As part of their support when someone dies, FCN volunteers can help clients think through the practicalities of taking on the running of the farm.
Farming families and legacy
After a bereavement for many people in the farming community, the legacy of continuing in the previous generations’ footsteps can be a comfort and part of the healing process.
“If it’s a son or daughter,” says Glyn, “there’s a sense of continuity in carrying on the work of the previous generation.”
Yet for some, the prospect of handing over responsibility for a business which has been a life, as well as a livelihood, can be a bleak prospect. For others, a debilitating accident, or the loss of their livestock, can throw their entire future into question. Every week in the UK, someone from within the farming community dies by suicide.
“Grief after death by suicide is often described as grief with the volume turned up,” says Glyn. “Even though there may be a more pragmatic approach by farmers to suicide, the impact can be just as profound. And it affects many people, not just on the farm, but the whole community, because farming communities are very close-knit.
“Funerals tend to be jam-packed and many who attend may be related, because of the nature of the community people don’t move around.”
Bereaved farmers can feel isolated
With around 83 per cent of the UK population now living in towns and cities, farmers have become increasingly isolated from the wider rural communities they were traditionally a greatly respected part of.

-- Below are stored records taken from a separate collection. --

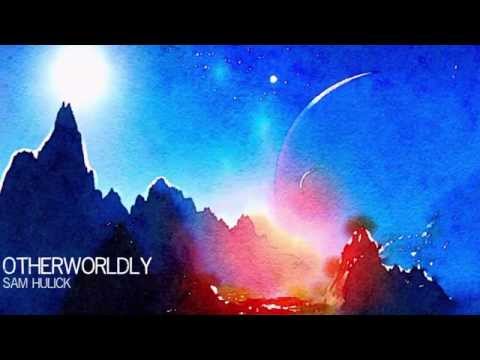 "Otherworldly" Sneak Preview - New single by Sam Hulick
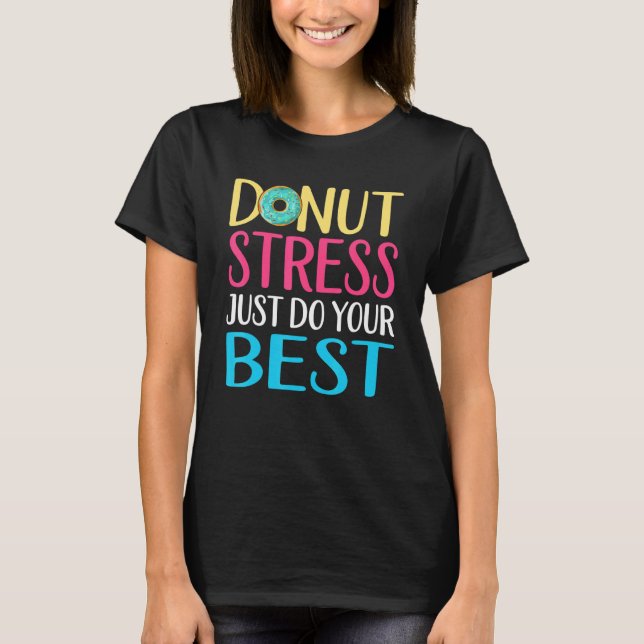 T-shirt Donut Stress Test Day Enseignants Hommes Femmes Do (Devant)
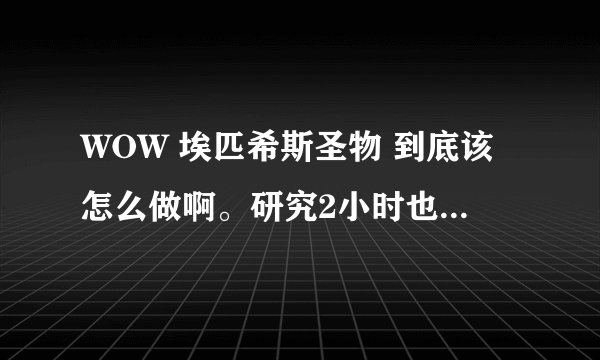WOW 埃匹希斯圣物 到底该怎么做啊。研究2小时也没明白。求大神指教。攻略都看过了。还是不懂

“They are often no longer pillars of village life,” says Glyn, “and can feel very marginalised from society in many ways. They also feel they are not understood when it comes to the pressures of work, bureaucracy, finance and environmental protection. They find very hard to cope with these and don’t easily enter into conversation when people ask about what is happening.
“In FCN we are increasingly seeing people who want to talk about their anxieties and their mental wellbeing, though. A lot of farmers come to us for support, because they know the volunteers already as they are part of the communities.

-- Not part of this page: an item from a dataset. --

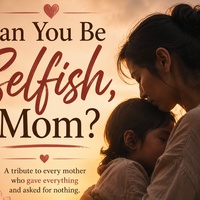 CAN YOU BE SELFISH , MOM?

“It’s also been estimated that around 30 per cent of people may be on the autism spectrum within the farming community,” adds Glyn.

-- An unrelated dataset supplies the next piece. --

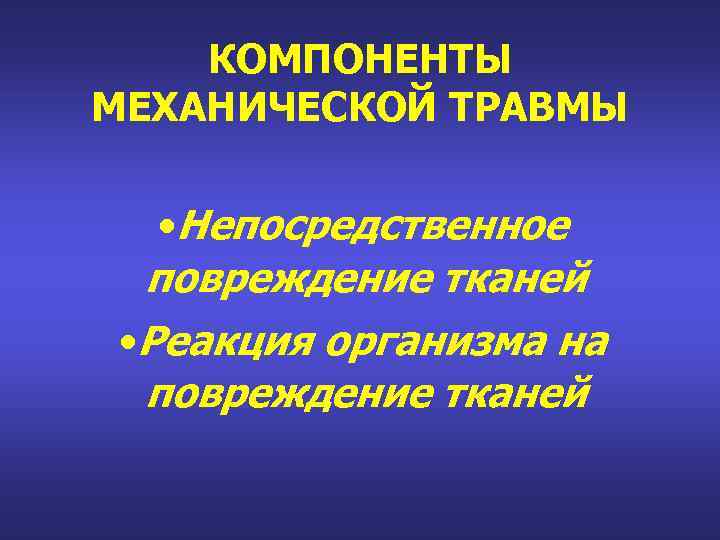 КОМПОНЕНТЫ МЕХАНИЧЕСКОЙ ТРАВМЫ • Непосредственное повреждение тканей • Реакция организма на повреждение тканей 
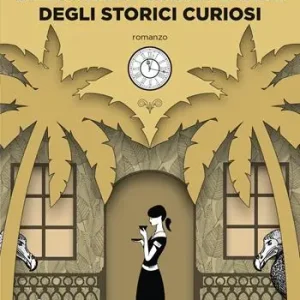 Bestseller Le esotiche scorribande degli storici curiosi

“While the solitude of farming life can suit many people who naturally prefer to be alone, when a bereavement or worrying issues are troubling someone, this can create additional pressures for people who don’t often socialise.”
The digitalisation of labour-saving farm machinery can also compound grief and add to feelings of depression and loneliness.
“Nowadays with computerised tractors there can be more time to think,” says Glyn.
“If you are going up and down a huge field for two days, it can be very isolating.”
Supporting farmers through grief
The FCN receives around 1,500 calls to its helpline annually. Its volunteers deal with about 2,500 cases a year involving around 6,000 people. The connections volunteers forge can be the beginning of a supportive relationship that lasts for as long as the individual needs it.
The charity also works with government agencies, landowners and people such as vets who regularly visit farms. The aim is to raise awareness of issues they may encounter when someone is experiencing difficulties. The FCN has also worked with the National Federation of Young Farmers’ Clubs’ Rural+ initiative, which focuses on suicide prevention.
“We call it ‘walking with’ and we will walk with farmers for years,” says Glyn.
“We have some people still volunteering with the same person after 10 years and people can build good friendships from it.
“Although most of our work is with farmers experiencing difficulties it is important to remember that good things happen in farming too. The support we give can often lead to an improved situation and wellbeing for people as they work through their feelings and problems.”